[Source data]

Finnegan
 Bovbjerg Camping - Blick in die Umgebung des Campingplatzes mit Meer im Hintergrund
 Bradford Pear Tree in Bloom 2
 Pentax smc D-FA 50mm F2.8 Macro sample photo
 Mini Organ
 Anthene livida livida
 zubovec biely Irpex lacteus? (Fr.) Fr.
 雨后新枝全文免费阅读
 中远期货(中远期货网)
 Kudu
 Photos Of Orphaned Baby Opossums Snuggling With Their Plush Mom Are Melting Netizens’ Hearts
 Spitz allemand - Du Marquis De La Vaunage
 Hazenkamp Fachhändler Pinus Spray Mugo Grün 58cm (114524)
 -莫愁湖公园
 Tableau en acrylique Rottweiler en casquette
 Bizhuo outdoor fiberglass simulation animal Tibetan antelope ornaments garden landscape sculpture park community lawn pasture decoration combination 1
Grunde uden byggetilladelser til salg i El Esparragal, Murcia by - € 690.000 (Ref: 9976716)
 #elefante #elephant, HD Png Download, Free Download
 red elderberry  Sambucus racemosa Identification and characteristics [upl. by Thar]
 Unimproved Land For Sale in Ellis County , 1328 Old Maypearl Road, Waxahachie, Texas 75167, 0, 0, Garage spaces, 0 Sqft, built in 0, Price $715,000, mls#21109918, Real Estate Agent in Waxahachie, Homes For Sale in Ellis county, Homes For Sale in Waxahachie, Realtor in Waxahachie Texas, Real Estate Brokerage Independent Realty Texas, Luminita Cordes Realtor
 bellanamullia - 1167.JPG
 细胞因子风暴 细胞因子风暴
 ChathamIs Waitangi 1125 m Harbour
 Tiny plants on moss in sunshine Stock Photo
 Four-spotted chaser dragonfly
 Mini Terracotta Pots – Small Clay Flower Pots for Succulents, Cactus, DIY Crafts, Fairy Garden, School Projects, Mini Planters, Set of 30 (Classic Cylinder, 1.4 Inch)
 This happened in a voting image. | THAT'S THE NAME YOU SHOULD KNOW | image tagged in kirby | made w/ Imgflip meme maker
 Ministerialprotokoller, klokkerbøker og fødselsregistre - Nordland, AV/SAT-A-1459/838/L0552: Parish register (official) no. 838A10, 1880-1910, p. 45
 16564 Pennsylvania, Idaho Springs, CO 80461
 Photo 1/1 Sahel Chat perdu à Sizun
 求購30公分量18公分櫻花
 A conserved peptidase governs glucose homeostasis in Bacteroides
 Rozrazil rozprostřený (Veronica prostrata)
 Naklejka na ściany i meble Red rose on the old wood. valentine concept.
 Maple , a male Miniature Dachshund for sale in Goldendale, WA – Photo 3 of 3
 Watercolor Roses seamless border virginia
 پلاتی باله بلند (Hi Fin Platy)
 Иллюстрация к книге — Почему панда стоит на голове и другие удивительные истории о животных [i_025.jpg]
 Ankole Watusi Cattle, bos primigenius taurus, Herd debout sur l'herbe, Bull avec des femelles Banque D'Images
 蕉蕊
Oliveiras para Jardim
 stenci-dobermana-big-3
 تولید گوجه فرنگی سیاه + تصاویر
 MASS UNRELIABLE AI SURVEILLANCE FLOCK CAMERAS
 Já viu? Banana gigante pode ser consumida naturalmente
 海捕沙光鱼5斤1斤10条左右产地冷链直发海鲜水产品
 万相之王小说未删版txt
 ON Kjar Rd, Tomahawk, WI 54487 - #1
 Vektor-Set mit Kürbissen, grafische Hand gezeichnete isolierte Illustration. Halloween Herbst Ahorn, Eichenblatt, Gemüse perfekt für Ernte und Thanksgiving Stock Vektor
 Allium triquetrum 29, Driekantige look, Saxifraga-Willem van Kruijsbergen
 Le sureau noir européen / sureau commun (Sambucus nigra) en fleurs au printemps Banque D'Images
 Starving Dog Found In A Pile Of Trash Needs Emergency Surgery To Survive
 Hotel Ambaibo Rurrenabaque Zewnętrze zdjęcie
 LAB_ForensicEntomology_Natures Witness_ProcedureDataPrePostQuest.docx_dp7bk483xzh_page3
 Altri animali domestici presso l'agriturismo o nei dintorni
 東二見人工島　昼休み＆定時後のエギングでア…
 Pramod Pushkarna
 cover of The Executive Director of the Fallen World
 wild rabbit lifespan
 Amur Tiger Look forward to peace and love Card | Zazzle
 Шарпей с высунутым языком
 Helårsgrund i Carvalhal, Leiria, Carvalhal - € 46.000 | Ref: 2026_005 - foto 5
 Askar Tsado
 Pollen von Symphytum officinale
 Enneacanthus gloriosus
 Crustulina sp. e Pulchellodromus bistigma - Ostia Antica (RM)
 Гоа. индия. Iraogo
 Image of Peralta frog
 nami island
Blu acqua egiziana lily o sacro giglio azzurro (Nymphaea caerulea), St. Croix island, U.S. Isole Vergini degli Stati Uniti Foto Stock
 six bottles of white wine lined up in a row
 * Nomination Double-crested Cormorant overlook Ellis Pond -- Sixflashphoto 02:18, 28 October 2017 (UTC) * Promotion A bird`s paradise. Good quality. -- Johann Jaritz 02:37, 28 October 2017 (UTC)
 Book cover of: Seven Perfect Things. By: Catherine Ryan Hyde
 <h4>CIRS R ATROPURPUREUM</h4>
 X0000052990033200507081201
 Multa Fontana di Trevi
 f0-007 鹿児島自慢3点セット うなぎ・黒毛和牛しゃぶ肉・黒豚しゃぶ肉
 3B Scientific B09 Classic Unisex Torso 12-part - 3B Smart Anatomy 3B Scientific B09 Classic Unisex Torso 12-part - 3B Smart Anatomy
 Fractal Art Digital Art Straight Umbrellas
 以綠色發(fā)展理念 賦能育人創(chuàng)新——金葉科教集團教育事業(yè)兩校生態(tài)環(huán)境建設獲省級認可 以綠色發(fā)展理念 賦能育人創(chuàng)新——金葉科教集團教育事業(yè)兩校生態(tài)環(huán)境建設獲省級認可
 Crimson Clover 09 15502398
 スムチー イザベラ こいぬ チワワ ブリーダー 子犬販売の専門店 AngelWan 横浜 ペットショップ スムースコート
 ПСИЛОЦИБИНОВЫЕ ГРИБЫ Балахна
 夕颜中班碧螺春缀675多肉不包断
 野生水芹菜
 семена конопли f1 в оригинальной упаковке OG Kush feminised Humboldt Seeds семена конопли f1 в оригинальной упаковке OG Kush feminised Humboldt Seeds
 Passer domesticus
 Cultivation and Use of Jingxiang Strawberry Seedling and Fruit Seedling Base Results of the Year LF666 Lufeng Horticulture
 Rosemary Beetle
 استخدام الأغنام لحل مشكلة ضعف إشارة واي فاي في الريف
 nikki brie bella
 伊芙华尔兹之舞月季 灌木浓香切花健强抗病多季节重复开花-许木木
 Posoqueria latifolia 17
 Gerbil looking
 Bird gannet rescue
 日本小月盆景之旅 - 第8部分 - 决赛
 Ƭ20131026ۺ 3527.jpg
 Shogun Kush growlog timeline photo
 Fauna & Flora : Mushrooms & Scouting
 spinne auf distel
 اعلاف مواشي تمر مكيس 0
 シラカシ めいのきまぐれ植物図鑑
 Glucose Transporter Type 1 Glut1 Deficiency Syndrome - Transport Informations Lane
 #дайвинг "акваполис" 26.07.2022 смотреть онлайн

* [Work request] Your reply should consist of the records, duplicated exactly.

* [Answer below]
Finnegan
 Bovbjerg Camping - Blick in die Umgebung des Campingplatzes mit Meer im Hintergrund
 Bradford Pear Tree in Bloom 2
 Pentax smc D-FA 50mm F2.8 Macro sample photo
 Mini Organ
 Anthene livida livida
 zubovec biely Irpex lacteus? (Fr.) Fr.
 雨后新枝全文免费阅读
 中远期货(中远期货网)
 Kudu
 Photos Of Orphaned Baby Opossums Snuggling With Their Plush Mom Are Melting Netizens’ Hearts
 Spitz allemand - Du Marquis De La Vaunage
 Hazenkamp Fachhändler Pinus Spray Mugo Grün 58cm (114524)
 -莫愁湖公园
 Tableau en acrylique Rottweiler en casquette
 Bizhuo outdoor fiberglass simulation animal Tibetan antelope ornaments garden landscape sculpture park community lawn pasture decoration combination 1
Grunde uden byggetilladelser til salg i El Esparragal, Murcia by - € 690.000 (Ref: 9976716)
 #elefante #elephant, HD Png Download, Free Download
 red elderberry  Sambucus racemosa Identification and characteristics [upl. by Thar]
 Unimproved Land For Sale in Ellis County , 1328 Old Maypearl Road, Waxahachie, Texas 75167, 0, 0, Garage spaces, 0 Sqft, built in 0, Price $715,000, mls#21109918, Real Estate Agent in Waxahachie, Homes For Sale in Ellis county, Homes For Sale in Waxahachie, Realtor in Waxahachie Texas, Real Estate Brokerage Independent Realty Texas, Luminita Cordes Realtor
 bellanamullia - 1167.JPG
 细胞因子风暴 细胞因子风暴
 ChathamIs Waitangi 1125 m Harbour
 Tiny plants on moss in sunshine Stock Photo
 Four-spotted chaser dragonfly
 Mini Terracotta Pots – Small Clay Flower Pots for Succulents, Cactus, DIY Crafts, Fairy Garden, School Projects, Mini Planters, Set of 30 (Classic Cylinder, 1.4 Inch)
 This happened in a voting image. | THAT'S THE NAME YOU SHOULD KNOW | image tagged in kirby | made w/ Imgflip meme maker
 Ministerialprotokoller, klokkerbøker og fødselsregistre - Nordland, AV/SAT-A-1459/838/L0552: Parish register (official) no. 838A10, 1880-1910, p. 45
 16564 Pennsylvania, Idaho Springs, CO 80461
 Photo 1/1 Sahel Chat perdu à Sizun
 求購30公分量18公分櫻花
 A conserved peptidase governs glucose homeostasis in Bacteroides
 Rozrazil rozprostřený (Veronica prostrata)
 Naklejka na ściany i meble Red rose on the old wood. valentine concept.
 Maple , a male Miniature Dachshund for sale in Goldendale, WA – Photo 3 of 3
 Watercolor Roses seamless border virginia
 پلاتی باله بلند (Hi Fin Platy)
 Иллюстрация к книге — Почему панда стоит на голове и другие удивительные истории о животных [i_025.jpg]
 Ankole Watusi Cattle, bos primigenius taurus, Herd debout sur l'herbe, Bull avec des femelles Banque D'Images
 蕉蕊
Oliveiras para Jardim
 stenci-dobermana-big-3
 تولید گوجه فرنگی سیاه + تصاویر
 MASS UNRELIABLE AI SURVEILLANCE FLOCK CAMERAS
 Já viu? Banana gigante pode ser consumida naturalmente
 海捕沙光鱼5斤1斤10条左右产地冷链直发海鲜水产品
 万相之王小说未删版txt
 ON Kjar Rd, Tomahawk, WI 54487 - #1
 Vektor-Set mit Kürbissen, grafische Hand gezeichnete isolierte Illustration. Halloween Herbst Ahorn, Eichenblatt, Gemüse perfekt für Ernte und Thanksgiving Stock Vektor
 Allium triquetrum 29, Driekantige look, Saxifraga-Willem van Kruijsbergen
 Le sureau noir européen / sureau commun (Sambucus nigra) en fleurs au printemps Banque D'Images
 Starving Dog Found In A Pile Of Trash Needs Emergency Surgery To Survive
 Hotel Ambaibo Rurrenabaque Zewnętrze zdjęcie
 LAB_ForensicEntomology_Natures Witness_ProcedureDataPrePostQuest.docx_dp7bk483xzh_page3
 Altri animali domestici presso l'agriturismo o nei dintorni
 東二見人工島　昼休み＆定時後のエギングでア…
 Pramod Pushkarna
 cover of The Executive Director of the Fallen World
 wild rabbit lifespan
 Amur Tiger Look forward to peace and love Card | Zazzle
 Шарпей с высунутым языком
 Helårsgrund i Carvalhal, Leiria, Carvalhal - € 46.000 | Ref: 2026_005 - foto 5
 Askar Tsado
 Pollen von Symphytum officinale
 Enneacanthus gloriosus
 Crustulina sp. e Pulchellodromus bistigma - Ostia Antica (RM)
 Гоа. индия. Iraogo
 Image of Peralta frog
 nami island
Blu acqua egiziana lily o sacro giglio azzurro (Nymphaea caerulea), St. Croix island, U.S. Isole Vergini degli Stati Uniti Foto Stock
 six bottles of white wine lined up in a row
 * Nomination Double-crested Cormorant overlook Ellis Pond -- Sixflashphoto 02:18, 28 October 2017 (UTC) * Promotion A bird`s paradise. Good quality. -- Johann Jaritz 02:37, 28 October 2017 (UTC)
 Book cover of: Seven Perfect Things. By: Catherine Ryan Hyde
 <h4>CIRS R ATROPURPUREUM</h4>
 X0000052990033200507081201
 Multa Fontana di Trevi
 f0-007 鹿児島自慢3点セット うなぎ・黒毛和牛しゃぶ肉・黒豚しゃぶ肉
 3B Scientific B09 Classic Unisex Torso 12-part - 3B Smart Anatomy 3B Scientific B09 Classic Unisex Torso 12-part - 3B Smart Anatomy
 Fractal Art Digital Art Straight Umbrellas
 以綠色發(fā)展理念 賦能育人創(chuàng)新——金葉科教集團教育事業(yè)兩校生態(tài)環(huán)境建設獲省級認可 以綠色發(fā)展理念 賦能育人創(chuàng)新——金葉科教集團教育事業(yè)兩校生態(tài)環(huán)境建設獲省級認可
 Crimson Clover 09 15502398
 スムチー イザベラ こいぬ チワワ ブリーダー 子犬販売の専門店 AngelWan 横浜 ペットショップ スムースコート
 ПСИЛОЦИБИНОВЫЕ ГРИБЫ Балахна
 夕颜中班碧螺春缀675多肉不包断
 野生水芹菜
 семена конопли f1 в оригинальной упаковке OG Kush feminised Humboldt Seeds семена конопли f1 в оригинальной упаковке OG Kush feminised Humboldt Seeds
 Passer domesticus
 Cultivation and Use of Jingxiang Strawberry Seedling and Fruit Seedling Base Results of the Year LF666 Lufeng Horticulture
 Rosemary Beetle
 استخدام الأغنام لحل مشكلة ضعف إشارة واي فاي في الريف
 nikki brie bella
 伊芙华尔兹之舞月季 灌木浓香切花健强抗病多季节重复开花-许木木
 Posoqueria latifolia 17
 Gerbil looking
 Bird gannet rescue
 日本小月盆景之旅 - 第8部分 - 决赛
 Ƭ20131026ۺ 3527.jpg
 Shogun Kush growlog timeline photo
 Fauna & Flora : Mushrooms & Scouting
 spinne auf distel
 اعلاف مواشي تمر مكيس 0
 シラカシ めいのきまぐれ植物図鑑
 Glucose Transporter Type 1 Glut1 Deficiency Syndrome - Transport Informations Lane
 #дайвинг "акваполис" 26.07.2022 смотреть онлайн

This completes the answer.